Best Uses: Light line bonefish and dock light snook
When you bump up to the 7wt, you get a rod that's noticeable faster. It's got a lot more power than the 6wt, but strangely, it's too soft for a Titan Taper or Striper line. However, for those looking for a bonefish seven, it throws a tight, controlled loop with an Amplitude Bonefish. This is a high-performance saltwater rod and one of the best in the lineup for sure - but just be aware that it's a little line sensitive.
Best Uses: Anything tropical
Read the full review HERE.
We love the 9wts here in New England for stripers and albies, and it's the rod some probably reach for the most. The nine is also an excellent crossover rod for permit and reds. Unfortunately for Sage fans in New England, this is a rod designed for Belize rather than the rocky shorelines of Maine. It lacks the guts to handle bigger flies and our favorite striper lines. Don't let that dissuade you, however. If you're looking for a permit rod in the lineup, this is it.
Best Uses: This is a true flats 9 - fish it for Permit
The Salt HD 10 was a complete cannon, and I felt like this rod over-corrected a bit and it's a touch too soft [for a 10wt] for my liking. Still, this is a decent rod for small-to-medium tarpon and larger permit. However, if you're looking to bomb casts with Beast flies... you'll probably want to look elsewhere - the rod was completely overloaded with an SA Titan or Rio Outbound Short.
Best Uses: Delicate work for permit and tarpon
The 11wt is now the go-to for tarpon anglers worldwide, and Sage designed the R8 Salt eleven specifically for this purpose. Like most of the series, it's soft - and if I'm being honest, it was too soft even with an SA Tarpon line. It's really more of a 10.5wt than an 11. If you're fishing for big laid-up fish, and you're an excellent caster, this might work...
Lines: We didn't find one we liked, but if you're looking to try something, check out Rio Technical Tarpon.
Best Uses: Technical tarpon fishing?
9' 12wt w/Extended Grip
While most of the new Salt R8 series was soft, this one was not. If you're looking for a rod that brings you back to the Xi3 days, this is the one that does it. It's ideal for big tarpon, GT's and smaller billfish. Be prepared - it's a lot of rod, but it can really throw some line.

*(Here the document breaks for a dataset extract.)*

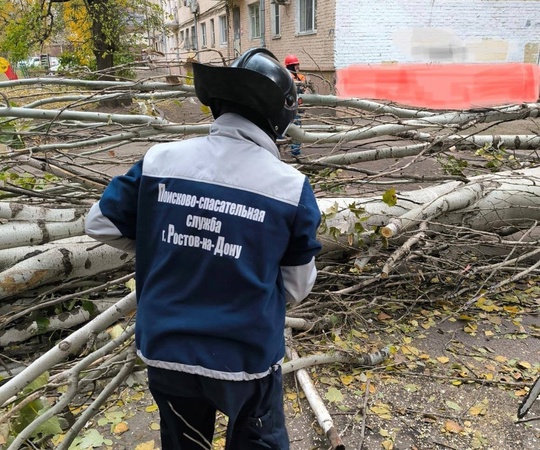 Штормовой ветер в Ростове повалил более 60 деревьев и веток за сутки. Об этом сообщил глава администрации..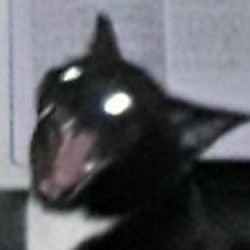 Kat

Best Uses: GTs, small sailfish
As much as I hate to say it, the winner is the 9' 8wt. It has clearly (and perhaps rightfully) gotten the most attention from the rod designers, and it shows. This was the only rod in the series that was truly able to cast a wide range of lines the way we like them. Honorable mentions for both the 6- and 7-weights
Least Favorite Rod:
The 9’ 11wt had me confused. It was SO soft - to the point of wondering what purpose this rod could possibly serve.